In 2020, the UCLA Film & Television Archive presented the first half of a retrospective showcasing the influence of Italian neorealism on American cinema after World War II. On June 3, after a pandemic-induced delay, the series will continue with “American Neorealism, Part Two, 1984–2020.”(opens in a new tab)
The presentation of 22 films in 12 nights will feature work by directors Kelly Reichardt (“Wendy and Lucy”), So Yong Kim (“In Between Days”), Jim McKay (“Our Song”) and Eliza Hittman (“Never Rarely Sometimes Always”). The films vibrantly illustrate the continued relevance and vitality of the form and reflect the diversity of today’s America.
The series runs through July 31 at the Billy Wilder Theater at the Hammer Museum at UCLA. Admission is free for all screenings.
In an email interview, Paul Malcolm, a film programmer at the Archive and co-curator of the series, explained what defines the genre and how the films were selected.
How do you define American neorealism?
The term refers to a body of films that display the influence, to one degree or another, of Italian neorealism in their treatment of specifically American subjects and stories. In Italian neorealism, a movement that began taking shape in the early 1940s, filmmakers employed long takes, nonprofessional actors, open framing and narrative ambiguity to decenter the individual hero of Hollywood films and emphasize systemic contexts and communal experience in their films.
In the late 1940s and 1950s, American filmmakers began incorporating these devices to explore the changes in American life that followed World War II.

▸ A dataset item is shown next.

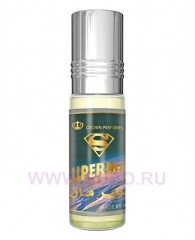 Super Man масляные духи Super Man - cpo 6ml - Al Rehab Perfumes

What distinguishes this installment of the series from the first part, which spanned the years 1948 to 1984?
We had originally conceived of a single series spanning the entire postwar period from 1948 to the present, but we quickly realized the impossibility of that task. There were just too many good films and too many different perspectives to incorporate if we were really going to tell the story of neorealism in America.

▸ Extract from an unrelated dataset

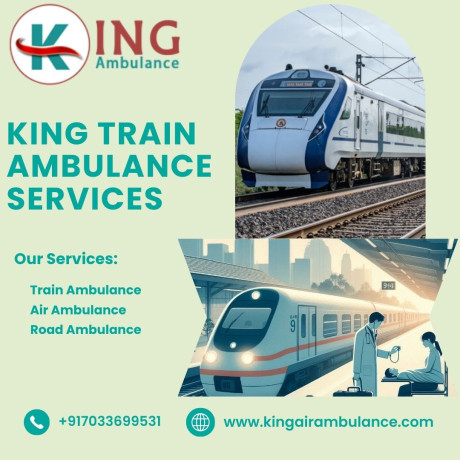 choose-king-train-ambulance-service-for-safe-transfer-in-kolkata-big-0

Part two includes the tail end of the analog filmmaking era and the rise of digital filmmaking. What was really fascinating to see was how filmmakers adapted neorealist approaches to this new method of production, while at the same time finding continuity with the past.
How were the films chosen? Is there a common thread among them?

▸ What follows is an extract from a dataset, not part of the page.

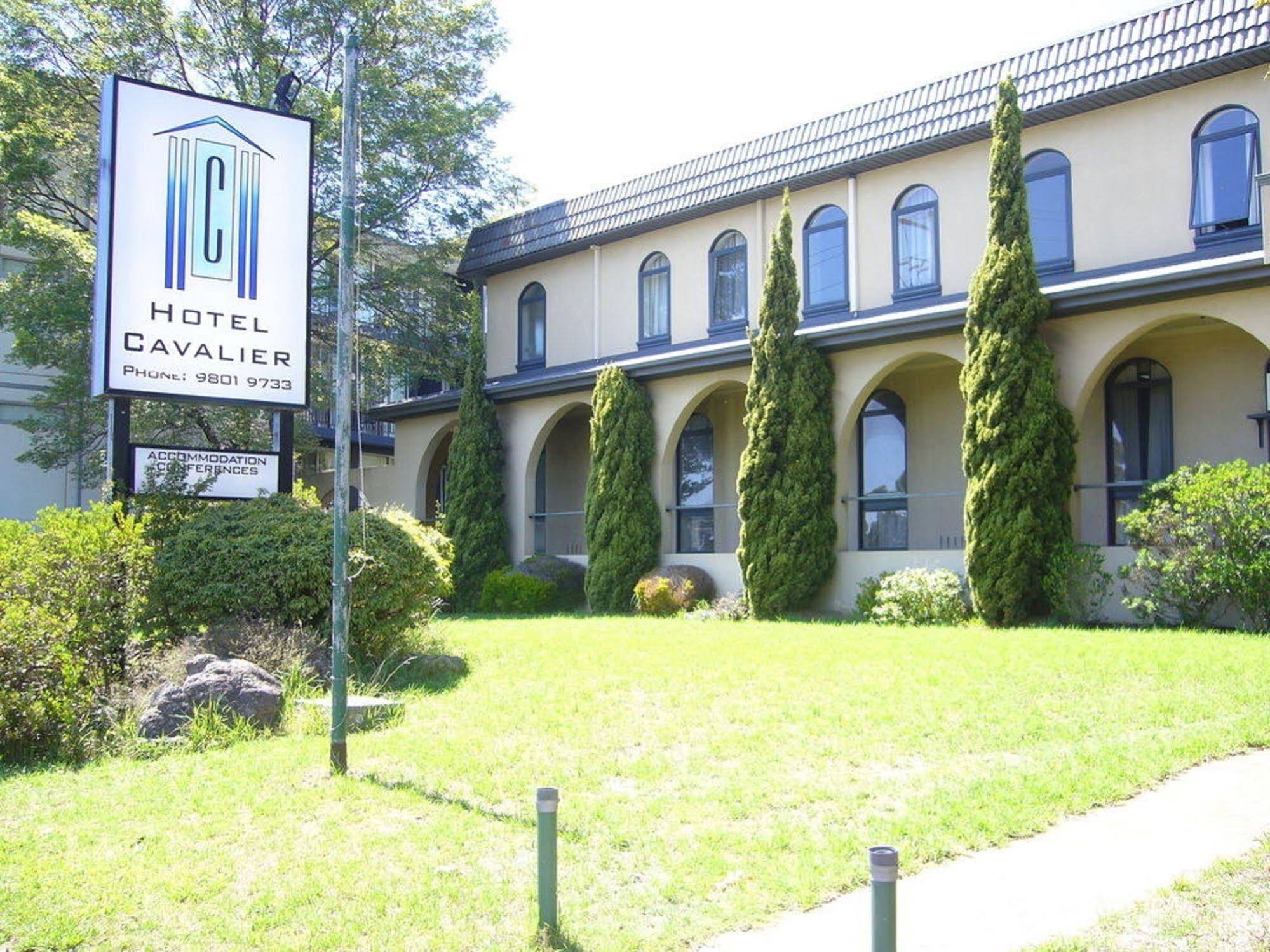 Hotel Cavalier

Selecting the films required a lot of viewing, a lot of reading and a lot of talking between Ross [Lipman, the series co-curator] and me about how the films might engage with the broadly accepted techniques of neorealism.
Every filmmaker will adapt and mobilize those techniques in their own way, but in general we were looking for films that told stories that were deeply grounded in the economic and social contexts of their characters. In every one of the films in this series, you’ll encounter characters facing a specific challenge or obstacle that they have to overcome.
That’s fairly typical in movies in general, but in these films, the obstacles are the result of systemic forces, so their resolutions are often ambiguous, temporary or uncertain — which is radically different than the happy endings of Hollywood.
If someone could only attend one of the screenings, is there one you would recommend most?
This is a series that really rewards exploration. One of the things that emerges in part two is that we start to see more diversity, both onscreen and behind the camera, and to feel how important that development is for understanding where we are now. So I would encourage people to see as much as they can.